Allen’s new feature is no Blue Jasmine, though it’s a considerable improvement on the fossilized Magic in the Moonlight (14). But again, Irrational Man feels disconcertingly impersonal—all the more so as it overtly carries certain traditional marks of his patented brand, being a light-highbrow comedy of manners, peppered with bookish in-jokes. Joaquin Phoenix plays Abe, a philosophy lecturer who arrives at a new college post trailing a bad boy reputation, a lot of weltschmerz, and storm clouds of disillusionment; he once pursued his ideals by doing volunteer work in New Orleans and Darfur, but still wound up neck-deep in a morass of existential futility. “Emotionally, I was at Zabriskie Point,” he says in voiceover in the film’s best line.

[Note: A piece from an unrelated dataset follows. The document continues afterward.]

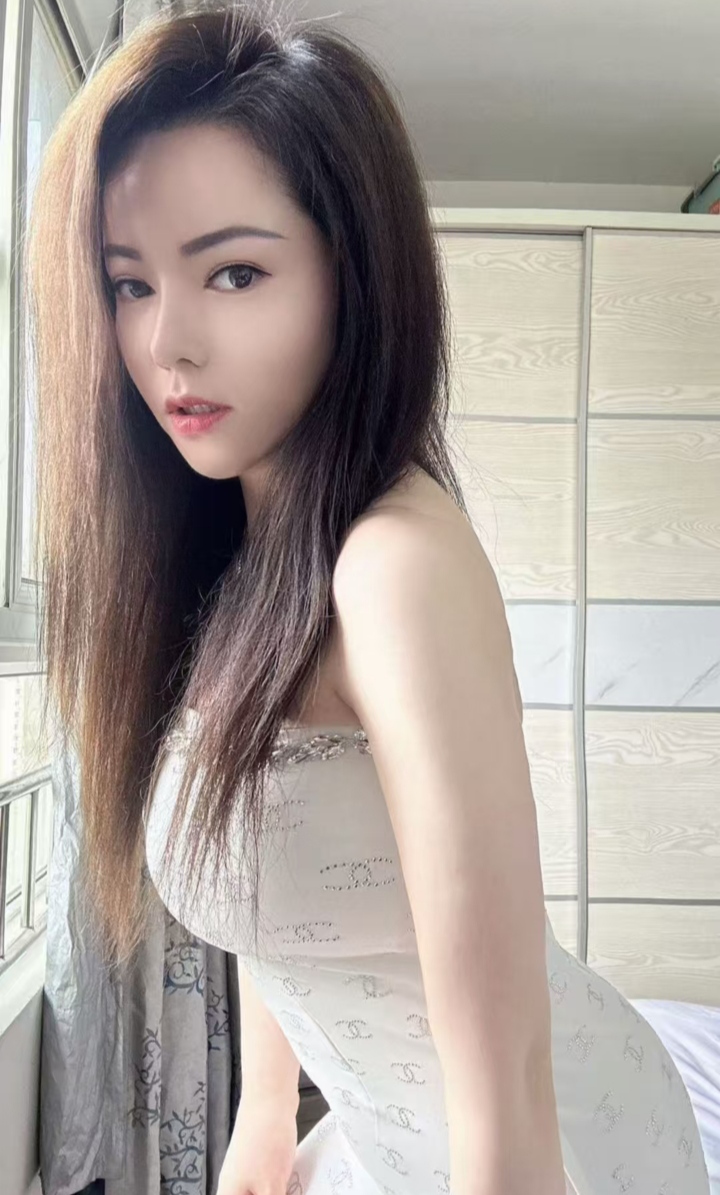 宝山美艳大胸欲女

Now Abe is paunchy, sour, lacking in sex drive, and prone to stunts like playing Russian roulette at a student’s party.
While he starts a liaison with blasé academic Rita (a mischievous Parker Posey in her juiciest screen role in years), he’s also getting dangerously close to besotted student Jill (Emma Stone). Then Abe decides to commit a murder that he believes will both improve the world and redeem him morally—he’ll do a Raskolnikov, in other words.

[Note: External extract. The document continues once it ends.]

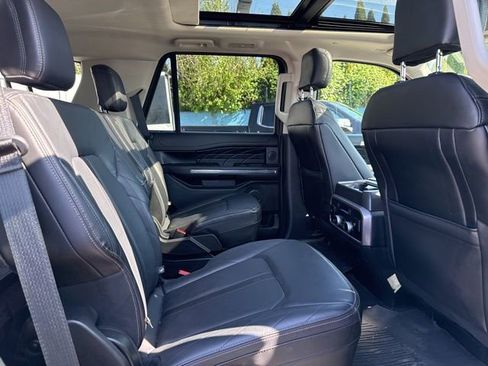 Used 2021 Ford Expedition Platinum AWD/4WD image 17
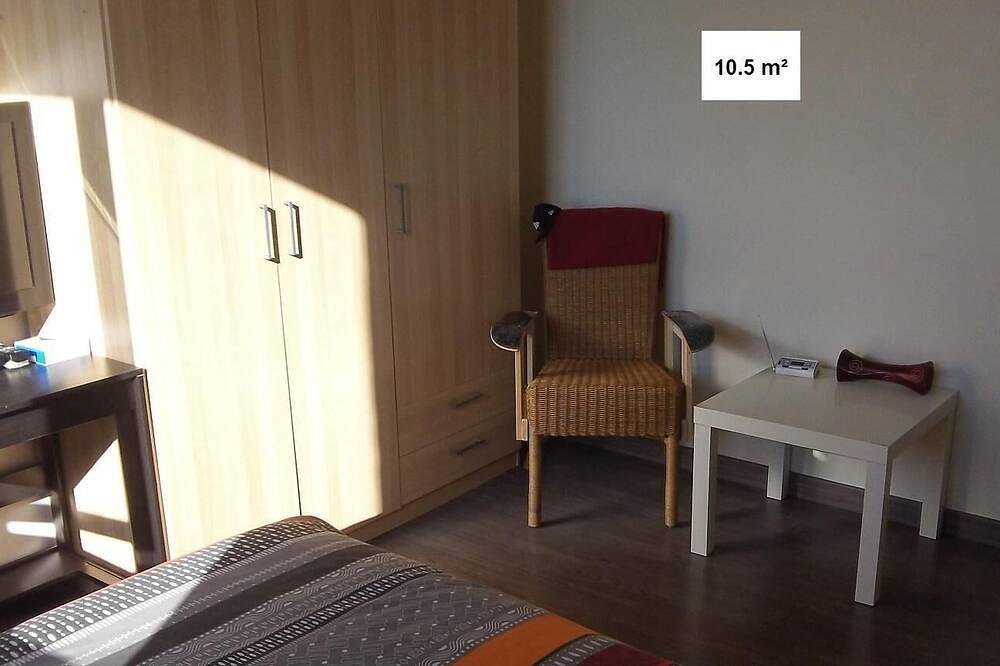 Chambre à louer dans un appartement, avec place de parking sécurisée in Le Kremlin-Bicêtre, Val-de-Marne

The most promising theme here sustains the comedy for a while: the gap between reality and reputation, and the glamour that attaches in this stagnant bubble of college life to a depressed shlub who’s nevertheless perceived as a dark, restless romantic (it helps, of course, to cast Phoenix). But the Dostoevskian motif, when it kicks in, is pursued all too doggedly. Allen has always been fascinated with the ethics of murder, sometimes putting a specific literary-history spin on the theme, as in Match Point’s take on Stendhal; here, the source of the premise is clunkily acknowledged with the discovery of Abe’s telltale copy of Crime and Punishment, emblazoned with idiot’s-guide margin notes: “The banality of evil” (this touch is an egregious example of the banality of “the banality of evil”). It all feels like a philosophy-class exercise: “Write a simple drama arising out of ethical themes discussed this week, with special attention to ironic contradiction.”

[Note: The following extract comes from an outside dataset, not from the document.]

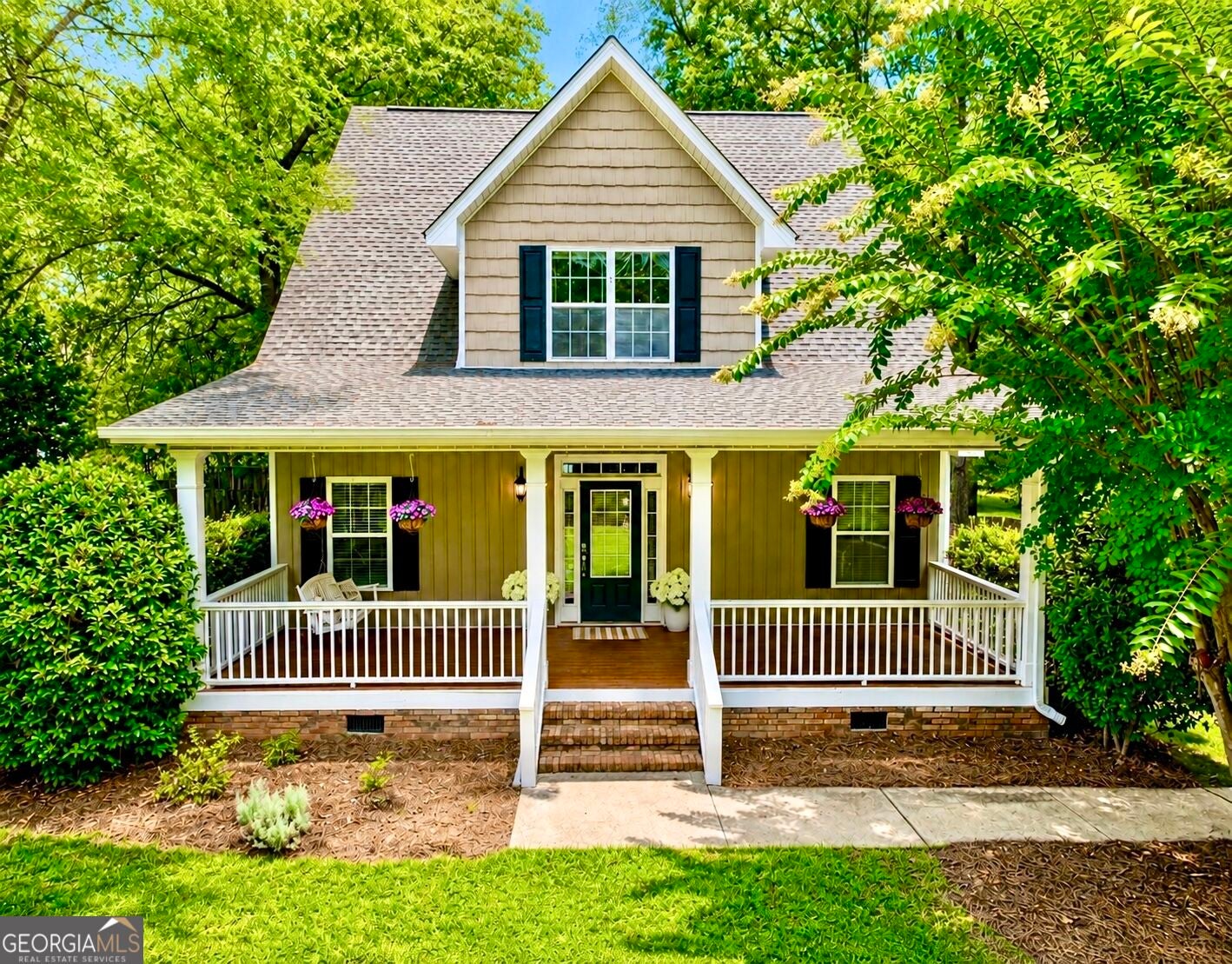 150 W Lakeview DR NE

Some lines are appallingly awkward, but if there’s self-parodic intent, it doesn’t come across: “Despair is what Kierkegaard called ‘the sickness unto death’—and you are suffering from despair, Abe.” What vibrancy there is comes not from the script but from Posey’s crackling slyness, Phoenix’s lunkish solemnity as Abe (he puts a muscular spin on that perennial Allen figure, the clueless intellectual), the tender glow of Darius Khondji’s photography, and the Ramsey Trio Lewis instrumental of “The In Crowd,” which runs throughout, pepping things up nicely. Best of all is Emma Stone, bristling with alertness. After helping make Magic in the Moonlight more palatable, she has apparently succeeded Scarlett Johansson as Allen’s resident muse; she can only make the next few films a livelier prospect than they otherwise might be.